== RECORDED INFORMATION ==
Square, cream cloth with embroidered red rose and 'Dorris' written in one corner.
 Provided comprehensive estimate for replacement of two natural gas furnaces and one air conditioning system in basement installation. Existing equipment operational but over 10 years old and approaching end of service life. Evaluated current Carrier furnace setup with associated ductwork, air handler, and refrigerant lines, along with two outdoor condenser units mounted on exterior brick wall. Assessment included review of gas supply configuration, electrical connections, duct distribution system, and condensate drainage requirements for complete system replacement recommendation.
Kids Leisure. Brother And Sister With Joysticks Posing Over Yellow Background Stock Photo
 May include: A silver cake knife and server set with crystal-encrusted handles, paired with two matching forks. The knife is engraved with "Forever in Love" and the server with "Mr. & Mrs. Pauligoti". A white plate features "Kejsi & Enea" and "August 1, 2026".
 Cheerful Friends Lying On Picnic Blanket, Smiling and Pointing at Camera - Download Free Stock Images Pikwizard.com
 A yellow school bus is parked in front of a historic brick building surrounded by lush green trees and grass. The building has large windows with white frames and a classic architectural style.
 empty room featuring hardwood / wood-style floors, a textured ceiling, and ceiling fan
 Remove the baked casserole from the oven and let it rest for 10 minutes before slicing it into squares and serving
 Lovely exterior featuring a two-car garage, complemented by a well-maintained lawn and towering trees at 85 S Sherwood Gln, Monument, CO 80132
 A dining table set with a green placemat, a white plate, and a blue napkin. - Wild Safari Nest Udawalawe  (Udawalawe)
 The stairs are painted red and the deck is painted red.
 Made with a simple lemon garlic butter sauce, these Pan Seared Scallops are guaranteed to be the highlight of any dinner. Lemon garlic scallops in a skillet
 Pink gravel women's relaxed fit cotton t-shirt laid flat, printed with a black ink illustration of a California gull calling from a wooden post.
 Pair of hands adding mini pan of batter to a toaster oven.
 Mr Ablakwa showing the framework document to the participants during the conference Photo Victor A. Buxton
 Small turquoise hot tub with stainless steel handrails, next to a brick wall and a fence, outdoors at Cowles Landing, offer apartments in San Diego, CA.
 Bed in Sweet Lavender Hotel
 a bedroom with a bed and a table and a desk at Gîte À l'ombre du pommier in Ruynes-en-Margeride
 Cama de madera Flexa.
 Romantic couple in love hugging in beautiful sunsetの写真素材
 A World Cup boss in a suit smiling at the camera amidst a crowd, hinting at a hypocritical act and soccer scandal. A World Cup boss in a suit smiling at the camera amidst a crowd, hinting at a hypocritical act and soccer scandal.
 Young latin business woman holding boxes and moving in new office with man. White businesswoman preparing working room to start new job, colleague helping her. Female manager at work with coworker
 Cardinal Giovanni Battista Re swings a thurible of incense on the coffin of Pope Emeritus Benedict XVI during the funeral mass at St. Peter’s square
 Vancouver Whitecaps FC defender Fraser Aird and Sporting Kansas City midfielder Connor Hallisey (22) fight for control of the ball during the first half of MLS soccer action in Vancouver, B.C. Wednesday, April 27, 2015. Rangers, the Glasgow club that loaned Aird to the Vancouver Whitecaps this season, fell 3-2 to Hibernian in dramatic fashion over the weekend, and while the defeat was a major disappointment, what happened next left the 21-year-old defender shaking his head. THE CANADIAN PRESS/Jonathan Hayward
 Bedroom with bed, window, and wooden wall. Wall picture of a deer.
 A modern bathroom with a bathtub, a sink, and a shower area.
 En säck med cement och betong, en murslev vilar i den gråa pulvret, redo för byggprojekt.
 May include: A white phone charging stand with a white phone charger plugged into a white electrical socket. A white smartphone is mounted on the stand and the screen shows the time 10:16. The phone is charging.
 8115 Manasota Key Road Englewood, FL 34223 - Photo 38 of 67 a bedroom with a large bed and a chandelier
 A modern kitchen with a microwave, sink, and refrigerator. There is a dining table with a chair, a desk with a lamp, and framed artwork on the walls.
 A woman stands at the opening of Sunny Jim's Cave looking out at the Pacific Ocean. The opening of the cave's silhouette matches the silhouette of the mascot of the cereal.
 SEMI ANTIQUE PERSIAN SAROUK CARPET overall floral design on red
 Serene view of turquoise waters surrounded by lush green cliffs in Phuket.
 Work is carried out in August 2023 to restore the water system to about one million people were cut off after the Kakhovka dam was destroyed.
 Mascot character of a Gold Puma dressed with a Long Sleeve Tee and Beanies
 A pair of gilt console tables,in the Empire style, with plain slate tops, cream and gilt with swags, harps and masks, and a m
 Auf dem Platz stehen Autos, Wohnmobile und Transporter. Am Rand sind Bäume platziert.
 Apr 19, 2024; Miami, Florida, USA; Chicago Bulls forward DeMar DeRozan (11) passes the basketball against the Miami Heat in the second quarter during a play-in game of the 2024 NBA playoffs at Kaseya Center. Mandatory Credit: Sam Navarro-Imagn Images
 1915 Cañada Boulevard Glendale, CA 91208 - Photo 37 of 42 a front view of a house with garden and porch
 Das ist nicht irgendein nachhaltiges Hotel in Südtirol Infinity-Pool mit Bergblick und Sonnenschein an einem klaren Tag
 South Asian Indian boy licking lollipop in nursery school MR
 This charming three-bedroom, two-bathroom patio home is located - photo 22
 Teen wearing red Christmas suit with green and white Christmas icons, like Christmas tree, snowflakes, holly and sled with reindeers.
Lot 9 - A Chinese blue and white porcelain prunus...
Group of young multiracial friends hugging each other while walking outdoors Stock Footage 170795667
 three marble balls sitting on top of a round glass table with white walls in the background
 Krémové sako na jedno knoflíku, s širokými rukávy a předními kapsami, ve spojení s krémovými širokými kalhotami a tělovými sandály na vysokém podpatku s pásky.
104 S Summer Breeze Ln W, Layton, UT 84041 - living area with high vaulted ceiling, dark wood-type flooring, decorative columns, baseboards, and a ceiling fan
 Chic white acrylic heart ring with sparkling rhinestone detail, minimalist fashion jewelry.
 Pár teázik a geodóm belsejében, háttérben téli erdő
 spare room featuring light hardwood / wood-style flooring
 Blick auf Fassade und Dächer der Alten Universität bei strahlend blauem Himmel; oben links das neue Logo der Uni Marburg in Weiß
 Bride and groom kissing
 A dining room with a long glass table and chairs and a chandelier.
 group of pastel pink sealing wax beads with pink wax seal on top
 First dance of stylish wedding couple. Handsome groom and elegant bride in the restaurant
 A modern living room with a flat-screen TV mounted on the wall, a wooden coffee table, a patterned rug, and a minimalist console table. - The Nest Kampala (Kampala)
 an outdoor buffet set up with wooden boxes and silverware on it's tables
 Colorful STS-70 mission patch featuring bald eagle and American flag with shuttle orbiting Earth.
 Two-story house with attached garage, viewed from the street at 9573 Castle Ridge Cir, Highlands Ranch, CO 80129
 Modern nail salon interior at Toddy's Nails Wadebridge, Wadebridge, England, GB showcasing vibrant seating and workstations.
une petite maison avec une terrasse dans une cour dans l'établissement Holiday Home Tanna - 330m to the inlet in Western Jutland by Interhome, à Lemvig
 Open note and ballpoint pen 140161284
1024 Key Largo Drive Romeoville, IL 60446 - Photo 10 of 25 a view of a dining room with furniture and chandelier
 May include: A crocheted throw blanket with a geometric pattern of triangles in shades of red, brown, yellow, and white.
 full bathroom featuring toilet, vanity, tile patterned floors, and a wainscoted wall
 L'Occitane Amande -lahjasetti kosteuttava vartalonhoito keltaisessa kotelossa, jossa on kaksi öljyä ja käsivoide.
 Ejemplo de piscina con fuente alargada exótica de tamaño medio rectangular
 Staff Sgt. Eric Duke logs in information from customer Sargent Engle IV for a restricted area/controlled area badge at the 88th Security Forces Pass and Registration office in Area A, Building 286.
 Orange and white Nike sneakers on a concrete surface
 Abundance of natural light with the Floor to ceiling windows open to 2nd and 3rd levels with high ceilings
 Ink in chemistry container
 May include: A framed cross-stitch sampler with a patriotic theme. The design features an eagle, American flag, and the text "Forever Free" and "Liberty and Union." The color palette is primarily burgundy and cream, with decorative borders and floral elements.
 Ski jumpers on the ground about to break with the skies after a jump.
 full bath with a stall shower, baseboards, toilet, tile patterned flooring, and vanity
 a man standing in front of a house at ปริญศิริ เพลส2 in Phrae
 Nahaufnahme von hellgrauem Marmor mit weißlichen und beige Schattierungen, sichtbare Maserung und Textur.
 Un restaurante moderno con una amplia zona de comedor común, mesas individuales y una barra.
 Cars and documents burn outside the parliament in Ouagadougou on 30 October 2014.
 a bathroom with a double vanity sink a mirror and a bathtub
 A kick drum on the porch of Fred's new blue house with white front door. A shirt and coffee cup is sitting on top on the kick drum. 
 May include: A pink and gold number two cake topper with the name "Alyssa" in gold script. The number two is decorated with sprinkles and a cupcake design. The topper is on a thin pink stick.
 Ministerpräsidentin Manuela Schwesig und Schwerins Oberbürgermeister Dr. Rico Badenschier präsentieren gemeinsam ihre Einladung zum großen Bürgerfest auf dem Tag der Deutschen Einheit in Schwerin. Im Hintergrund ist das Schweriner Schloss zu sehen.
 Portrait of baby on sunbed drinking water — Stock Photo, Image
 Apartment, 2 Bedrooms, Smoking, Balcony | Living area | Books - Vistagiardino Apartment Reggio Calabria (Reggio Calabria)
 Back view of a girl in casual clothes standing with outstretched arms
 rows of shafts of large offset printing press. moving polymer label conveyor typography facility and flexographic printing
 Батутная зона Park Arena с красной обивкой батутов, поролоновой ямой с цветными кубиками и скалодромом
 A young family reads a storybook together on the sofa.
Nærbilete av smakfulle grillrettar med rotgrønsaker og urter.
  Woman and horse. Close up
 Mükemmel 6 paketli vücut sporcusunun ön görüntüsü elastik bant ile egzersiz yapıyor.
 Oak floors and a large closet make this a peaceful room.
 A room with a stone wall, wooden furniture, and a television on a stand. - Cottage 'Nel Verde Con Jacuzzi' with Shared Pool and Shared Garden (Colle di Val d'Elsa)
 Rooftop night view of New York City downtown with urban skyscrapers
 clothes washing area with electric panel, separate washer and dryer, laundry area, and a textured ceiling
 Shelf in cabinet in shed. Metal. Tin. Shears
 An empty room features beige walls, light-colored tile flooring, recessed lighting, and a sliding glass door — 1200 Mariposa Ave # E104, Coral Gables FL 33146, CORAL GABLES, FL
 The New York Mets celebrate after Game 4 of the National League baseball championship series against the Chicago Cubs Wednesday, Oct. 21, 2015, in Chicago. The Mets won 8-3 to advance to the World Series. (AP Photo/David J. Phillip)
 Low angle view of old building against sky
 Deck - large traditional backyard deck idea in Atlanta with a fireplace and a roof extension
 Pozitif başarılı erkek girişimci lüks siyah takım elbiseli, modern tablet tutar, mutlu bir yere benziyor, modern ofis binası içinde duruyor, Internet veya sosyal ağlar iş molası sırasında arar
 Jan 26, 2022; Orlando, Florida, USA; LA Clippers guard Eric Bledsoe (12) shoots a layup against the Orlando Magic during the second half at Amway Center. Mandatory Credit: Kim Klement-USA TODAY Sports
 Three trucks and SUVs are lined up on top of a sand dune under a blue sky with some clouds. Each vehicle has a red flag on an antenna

== INSTRUCTIONS TO FOLLOW ==
Where the listing above reaches the line that contains "an outdoor buffet", start retyping, and finish with the line that contains "Colorful STS-70 mission"; reproduce those lines exactly and no others.

== RESULT FOR THIS EXERCISE ==
 an outdoor buffet set up with wooden boxes and silverware on it's tables
 Colorful STS-70 mission patch featuring bald eagle and American flag with shuttle orbiting Earth.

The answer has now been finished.